Dataset
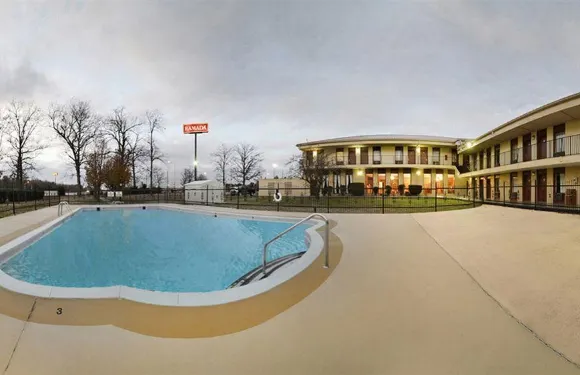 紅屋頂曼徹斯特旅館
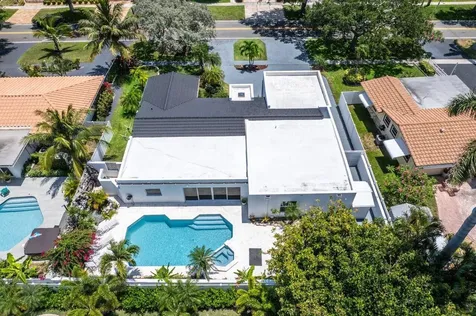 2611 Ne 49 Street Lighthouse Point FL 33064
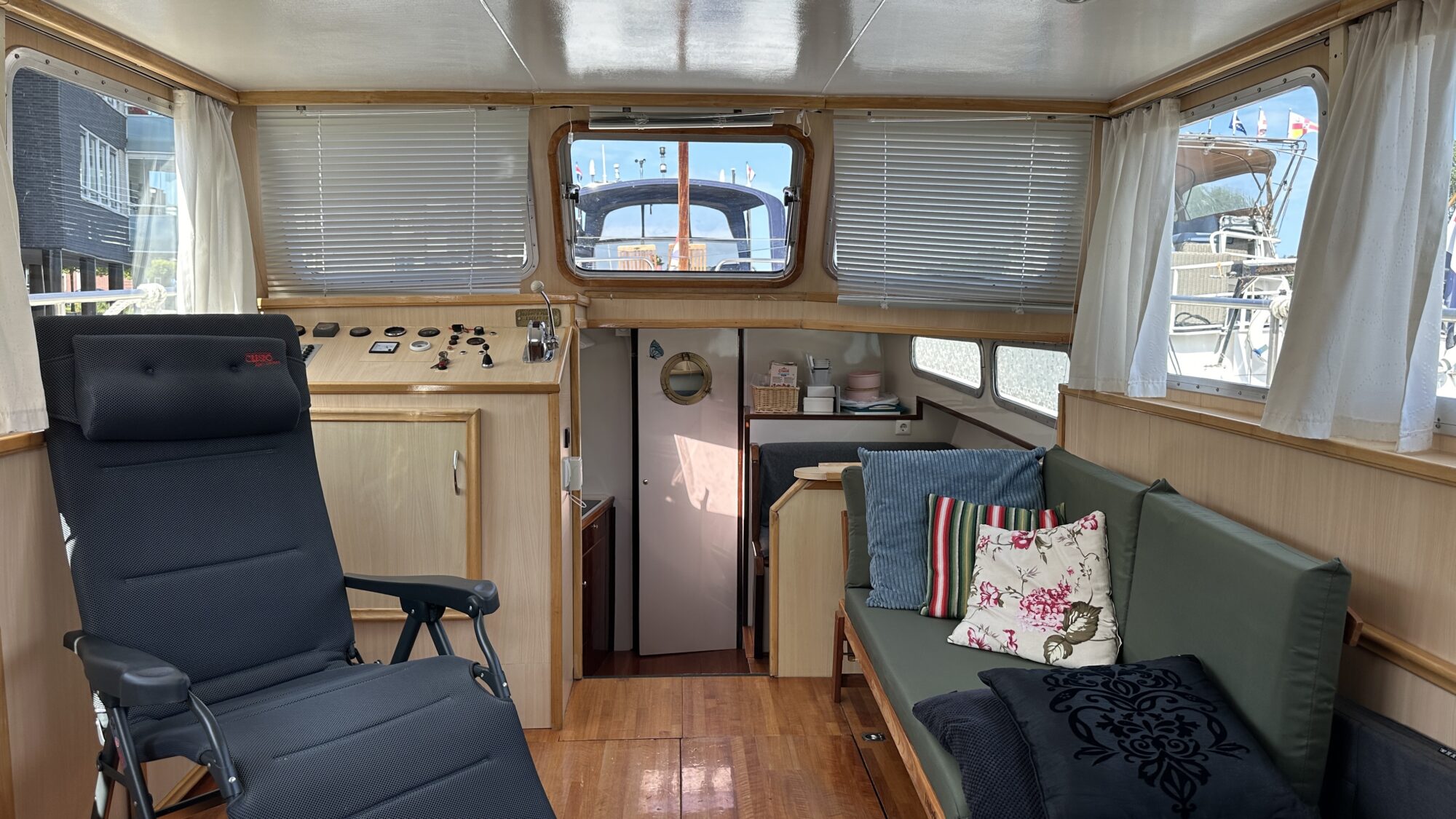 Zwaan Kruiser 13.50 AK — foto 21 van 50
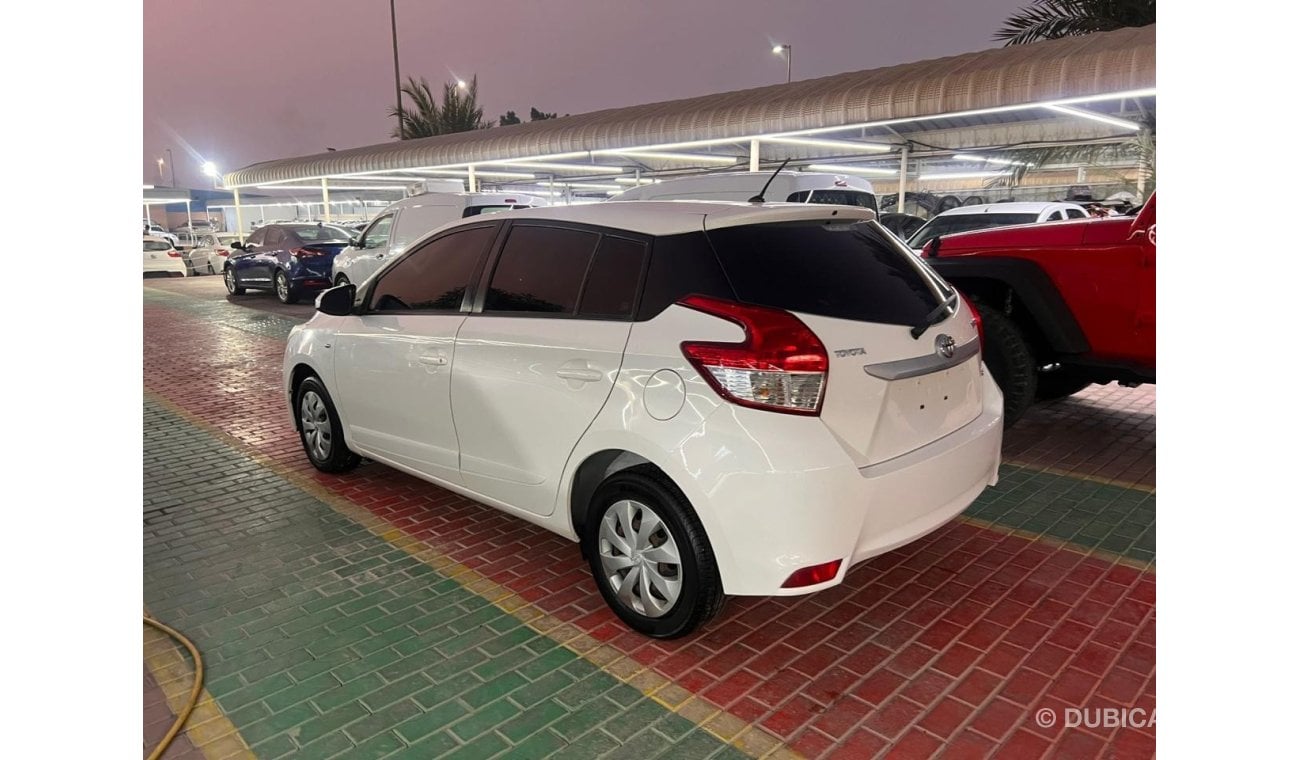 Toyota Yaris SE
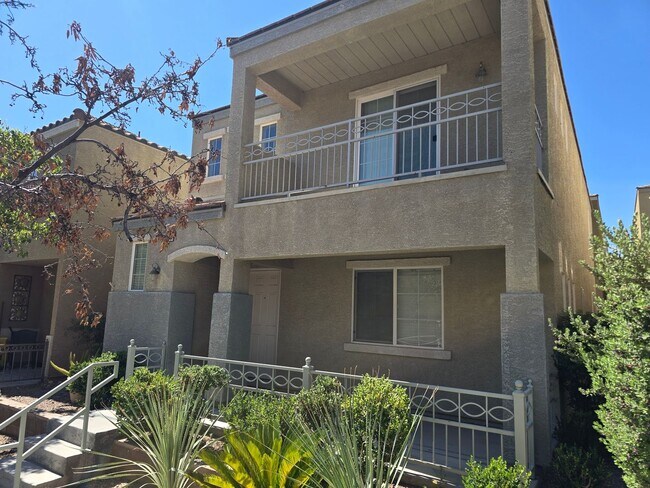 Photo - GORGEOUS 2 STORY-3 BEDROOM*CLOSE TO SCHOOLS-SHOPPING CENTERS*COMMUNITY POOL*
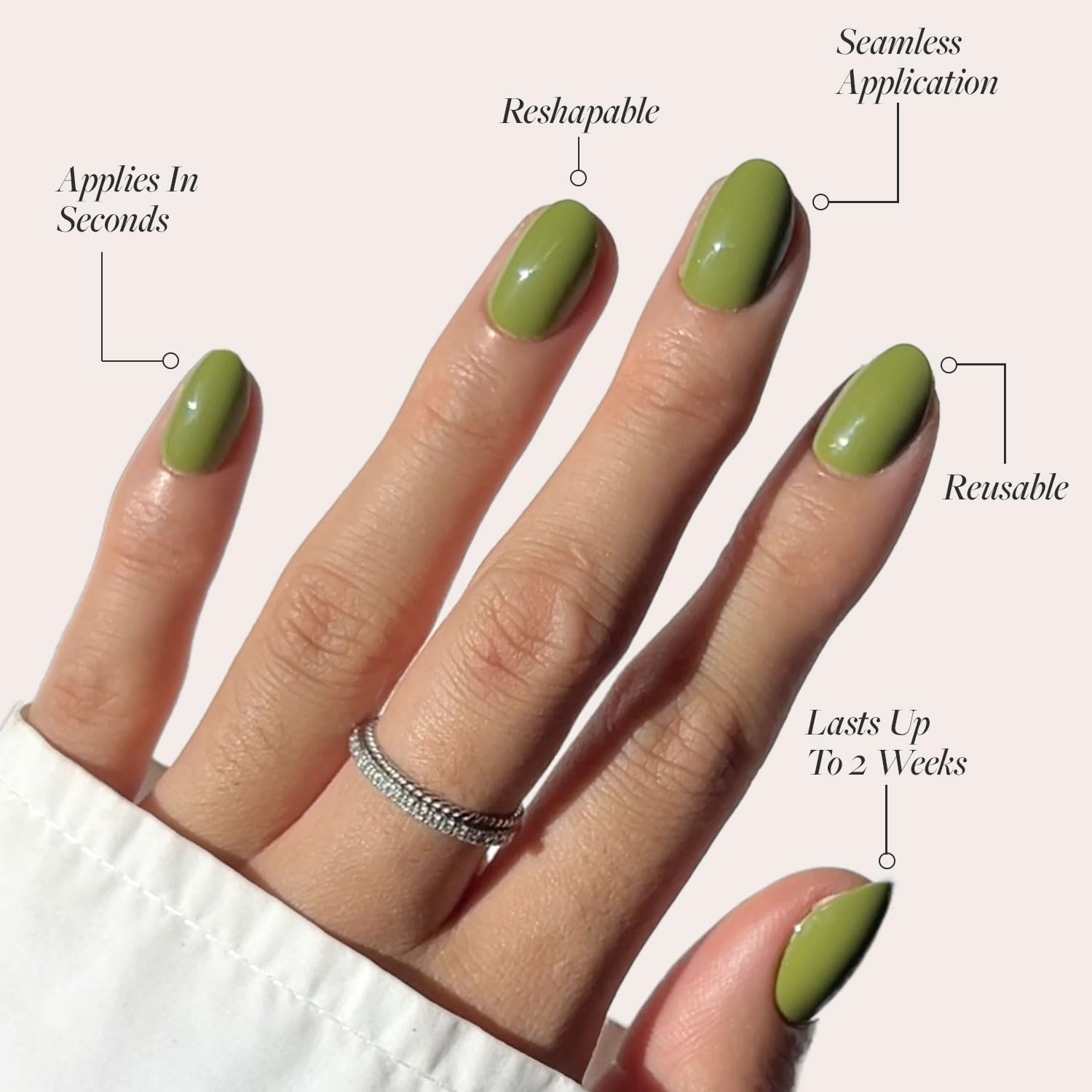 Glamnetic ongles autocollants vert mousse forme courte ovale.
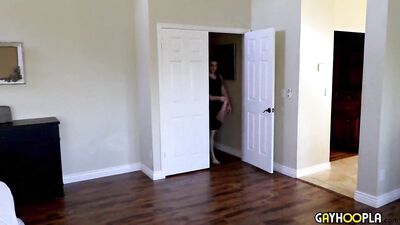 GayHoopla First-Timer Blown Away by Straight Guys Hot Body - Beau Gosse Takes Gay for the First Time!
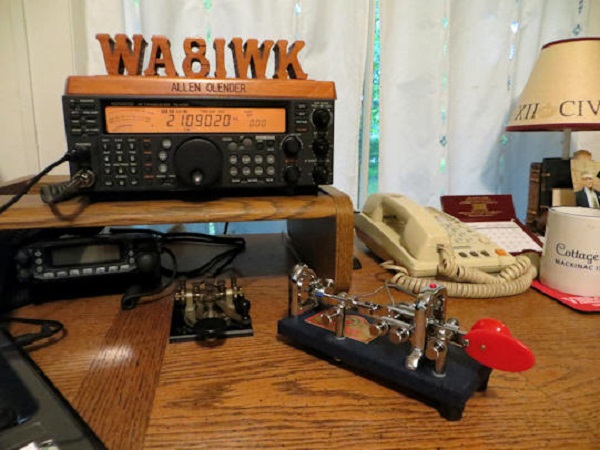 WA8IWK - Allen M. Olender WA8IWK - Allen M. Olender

Try it
Lines from the one containing "Glamnetic ongles autocollants" through the end of the material above must be reproduced exactly; pictures must not be.

Finished task
 Glamnetic ongles autocollants vert mousse forme courte ovale.
 GayHoopla First-Timer Blown Away by Straight Guys Hot Body - Beau Gosse Takes Gay for the First Time!
 WA8IWK - Allen M. Olender WA8IWK - Allen M. Olender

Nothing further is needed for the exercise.